**What the exercise asks:**
Leaving out every picture, copy the lines of the material below exactly, from the line containing "Enjoy and happy" through the line containing "Right up here".

**Data:**
==========
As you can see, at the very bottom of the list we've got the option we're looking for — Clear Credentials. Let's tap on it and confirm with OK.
==========
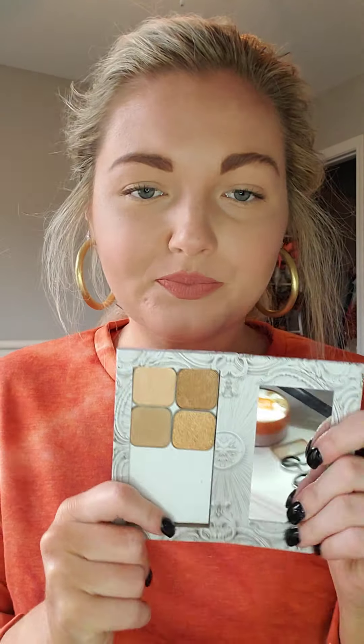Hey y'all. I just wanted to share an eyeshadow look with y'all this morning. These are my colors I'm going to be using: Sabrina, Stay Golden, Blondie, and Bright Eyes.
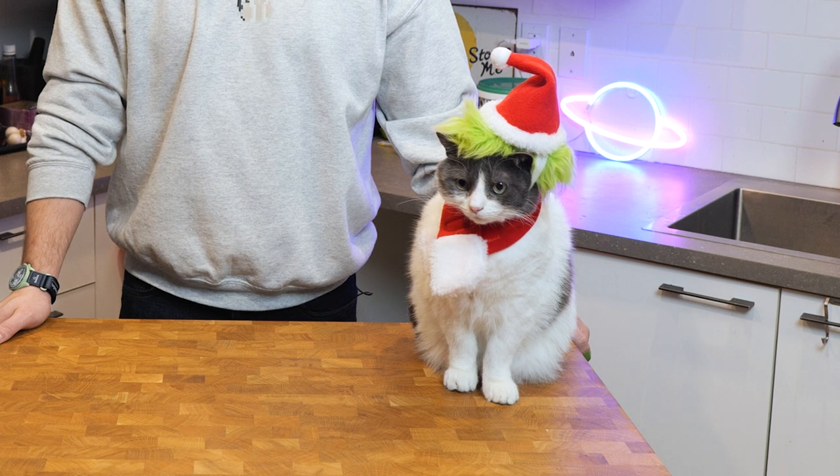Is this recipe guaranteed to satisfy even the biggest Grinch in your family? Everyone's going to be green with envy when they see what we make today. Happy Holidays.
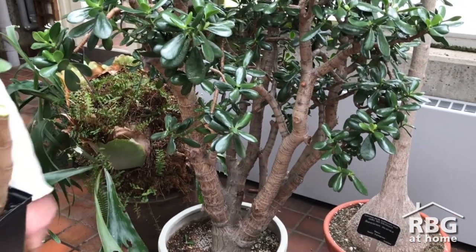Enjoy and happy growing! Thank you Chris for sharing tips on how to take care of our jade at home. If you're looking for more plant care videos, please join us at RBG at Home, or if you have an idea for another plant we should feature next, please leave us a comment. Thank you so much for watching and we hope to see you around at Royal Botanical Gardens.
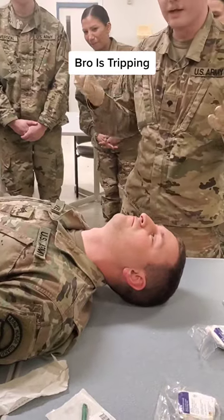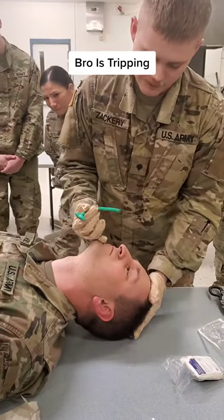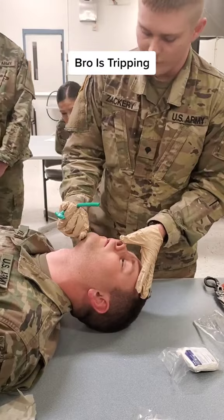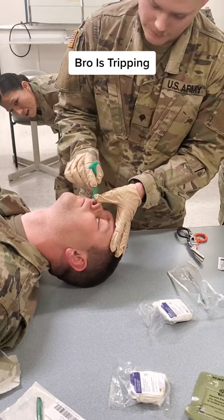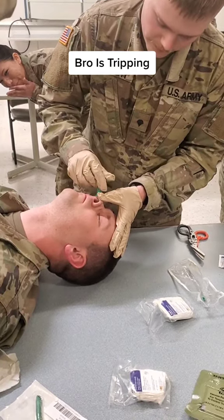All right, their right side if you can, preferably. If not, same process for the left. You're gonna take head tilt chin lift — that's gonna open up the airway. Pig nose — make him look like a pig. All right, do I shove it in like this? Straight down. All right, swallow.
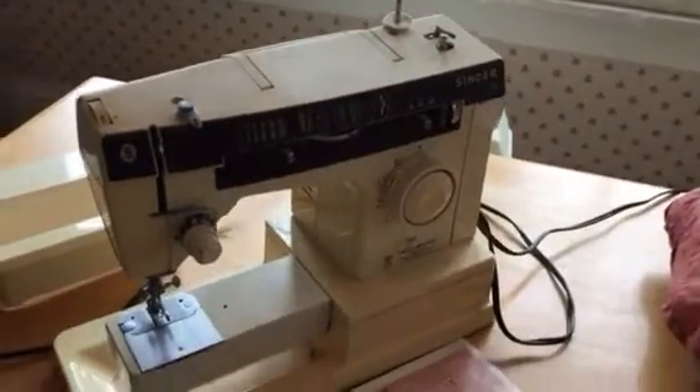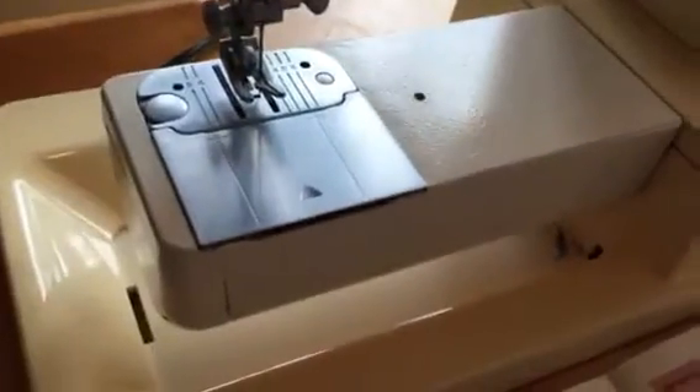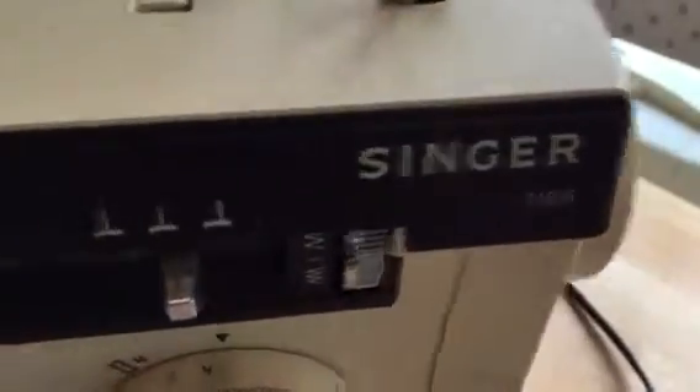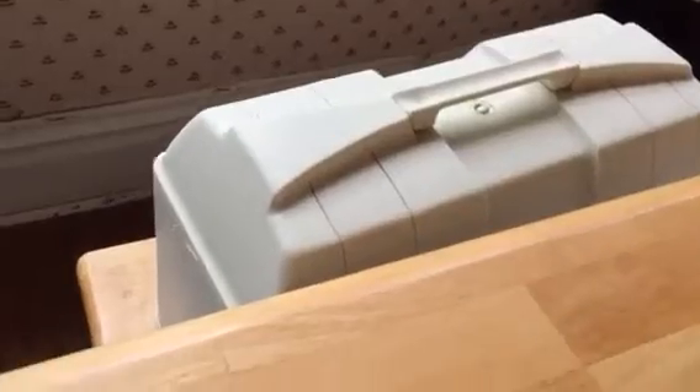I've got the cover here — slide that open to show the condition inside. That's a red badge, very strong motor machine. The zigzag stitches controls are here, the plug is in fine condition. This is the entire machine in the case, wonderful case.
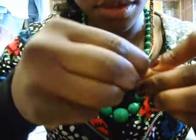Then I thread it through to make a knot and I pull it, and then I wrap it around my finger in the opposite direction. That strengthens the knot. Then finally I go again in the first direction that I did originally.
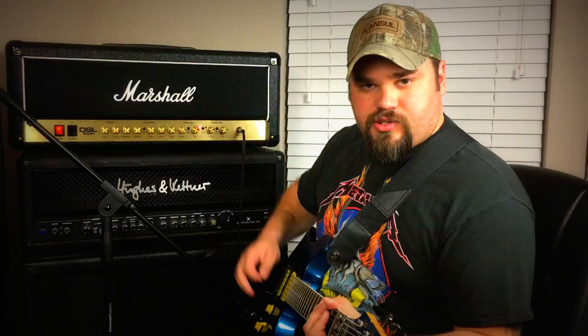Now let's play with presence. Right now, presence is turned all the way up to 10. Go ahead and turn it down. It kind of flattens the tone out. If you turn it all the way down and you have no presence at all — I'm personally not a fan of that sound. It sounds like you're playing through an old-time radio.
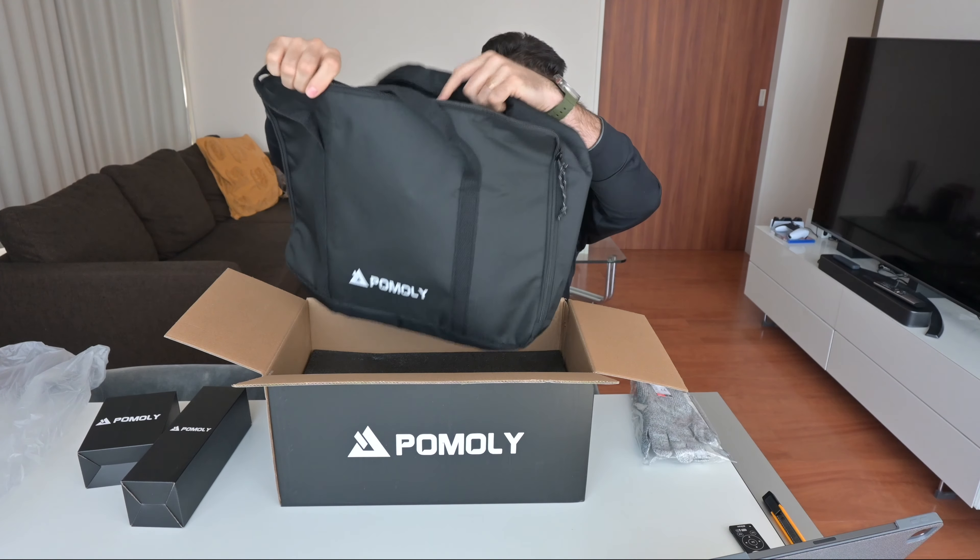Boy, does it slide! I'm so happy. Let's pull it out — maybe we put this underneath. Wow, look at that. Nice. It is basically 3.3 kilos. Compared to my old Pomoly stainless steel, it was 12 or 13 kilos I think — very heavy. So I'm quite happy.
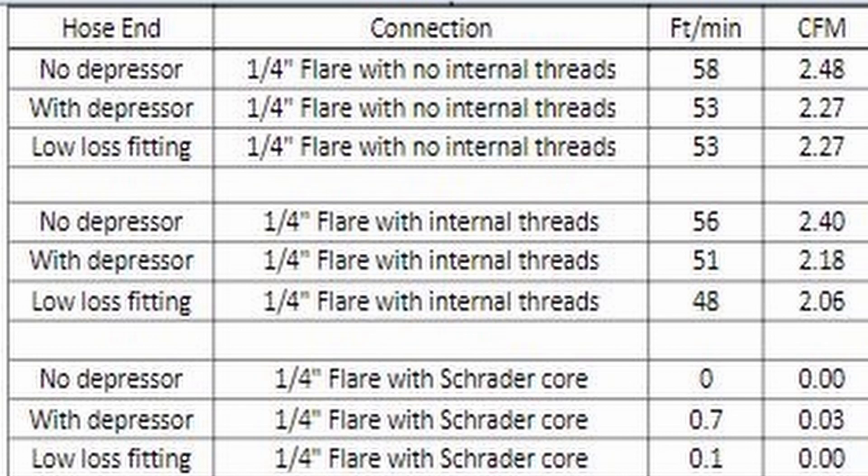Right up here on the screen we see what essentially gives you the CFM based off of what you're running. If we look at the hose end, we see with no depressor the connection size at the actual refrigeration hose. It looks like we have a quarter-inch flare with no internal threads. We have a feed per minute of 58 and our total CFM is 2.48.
==========
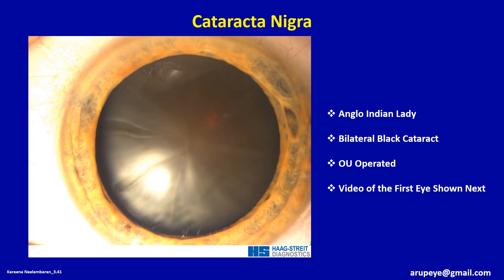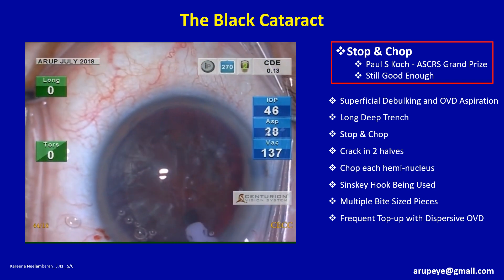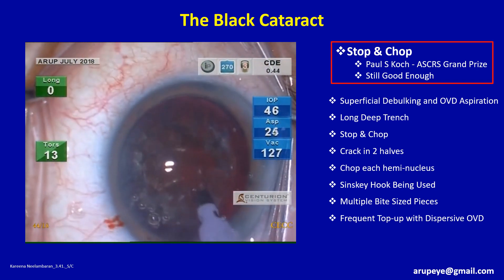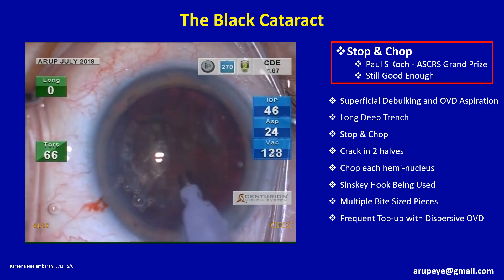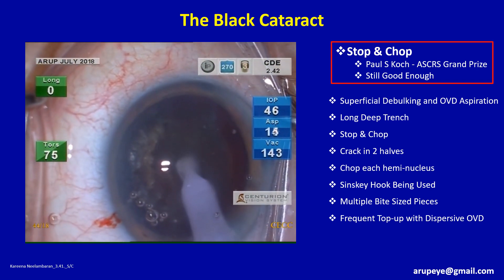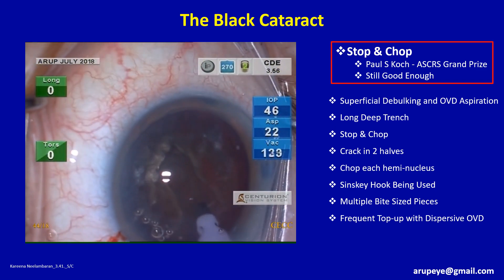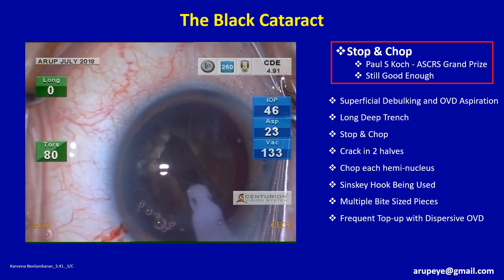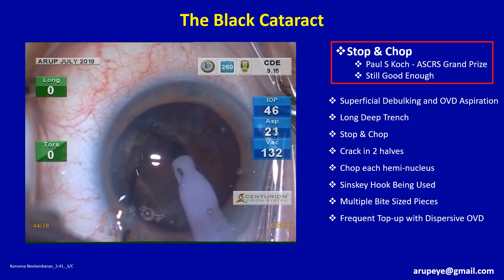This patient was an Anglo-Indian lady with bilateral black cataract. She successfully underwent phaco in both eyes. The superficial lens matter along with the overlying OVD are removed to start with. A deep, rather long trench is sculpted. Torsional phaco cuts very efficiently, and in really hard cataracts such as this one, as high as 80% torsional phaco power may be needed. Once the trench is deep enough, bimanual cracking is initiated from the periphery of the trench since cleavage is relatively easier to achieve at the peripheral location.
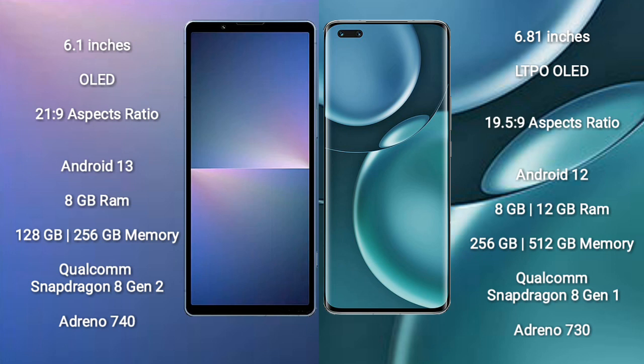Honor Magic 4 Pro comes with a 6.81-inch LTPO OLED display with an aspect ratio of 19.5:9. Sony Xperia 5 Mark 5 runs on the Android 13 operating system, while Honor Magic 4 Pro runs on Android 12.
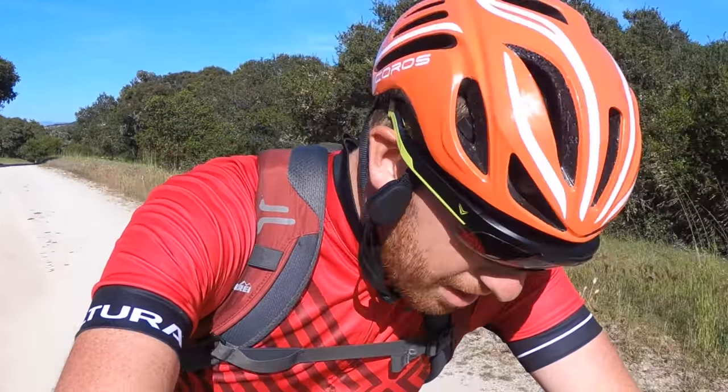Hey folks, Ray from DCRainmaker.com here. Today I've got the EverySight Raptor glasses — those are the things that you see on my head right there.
==========
**Task output:**
Enjoy and happy growing! Thank you Chris for sharing tips on how to take care of our jade at home. If you're looking for more plant care videos, please join us at RBG at Home, or if you have an idea for another plant we should feature next, please leave us a comment. Thank you so much for watching and we hope to see you around at Royal Botanical Gardens.
All right, their right side if you can, preferably. If not, same process for the left. You're gonna take head tilt chin lift — that's gonna open up the airway. Pig nose — make him look like a pig. All right, do I shove it in like this? Straight down. All right, swallow.
I've got the cover here — slide that open to show the condition inside. That's a red badge, very strong motor machine. The zigzag stitches controls are here, the plug is in fine condition. This is the entire machine in the case, wonderful case.
Then I thread it through to make a knot and I pull it, and then I wrap it around my finger in the opposite direction. That strengthens the knot. Then finally I go again in the first direction that I did originally.
Now let's play with presence. Right now, presence is turned all the way up to 10. Go ahead and turn it down. It kind of flattens the tone out. If you turn it all the way down and you have no presence at all — I'm personally not a fan of that sound. It sounds like you're playing through an old-time radio.
Boy, does it slide! I'm so happy. Let's pull it out — maybe we put this underneath. Wow, look at that. Nice. It is basically 3.3 kilos. Compared to my old Pomoly stainless steel, it was 12 or 13 kilos I think — very heavy. So I'm quite happy.
Right up here on the screen we see what essentially gives you the CFM based off of what you're running. If we look at the hose end, we see with no depressor the connection size at the actual refrigeration hose. It looks like we have a quarter-inch flare with no internal threads. We have a feed per minute of 58 and our total CFM is 2.48.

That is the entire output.